Extra business is increasingly coming to Russia from China. Chinese companies are investing in Russia – not just in the traditional natural resources sector – and “are keen to hire VTB Capital to use our specialist knowhow in emerging markets”, says Mr Orcel.

VTB Capital has so far completed 12 bond issues and worked on three M&A mandates for Chinese companies. One example is the co-operation between the China National Chemical Corporation, also known as ChemChina, and Russia’s Rosneft. The memorandum of understanding signed in 2015 saw Russia’s largest petroleum company take a 30% equity stake in the ChemChina Petrochemical Corporation, a subsidiary of Chinese state-owned ChemChina, while the latter took over a majority stake in Rosneft’s Far East Petrochemical Company project. The details of such a deal may suggest to many that VTB Capital would act for Rosneft. In fact, the Russian bank was mandated by the Chinese company.

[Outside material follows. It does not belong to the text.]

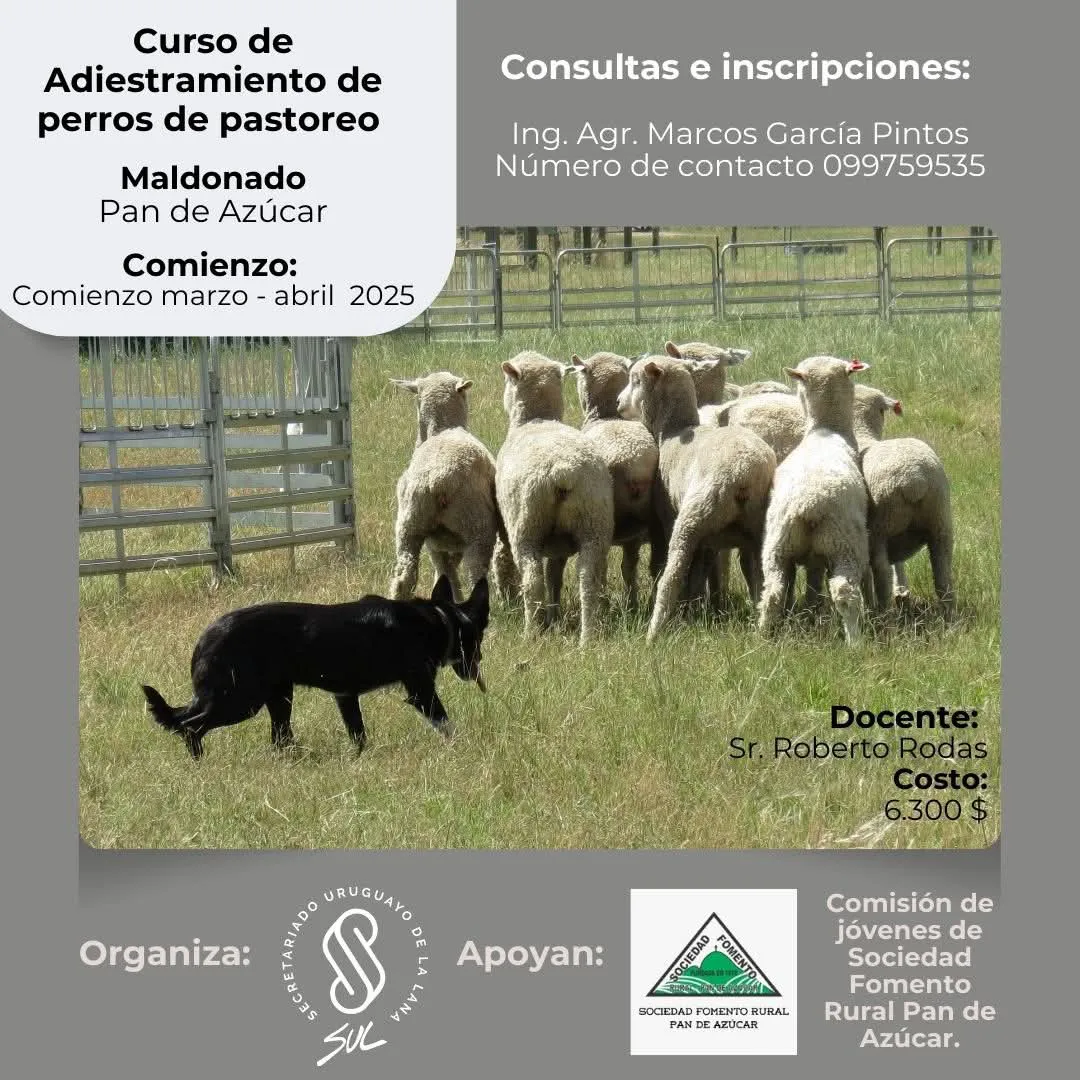 FB_IMG_1737575441601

Working with a Russian investment bank also appeals to some African sovereigns, according to Mr Orcel, while in the CEE region the bank’s willingness to act as a lender is warmly received.

“Against all the headwinds, we continue opening new markets with clients from Mozambique to Croatia, from China to India and Turkey,” he says. “I think VTB Capital’s future should be bright. [When] the commodity cycle [turns] and emerging market economic growth again drives global consumption, we will be ready and hope to take advantage in full of the opportunities that lie ahead for the region in which we operate.”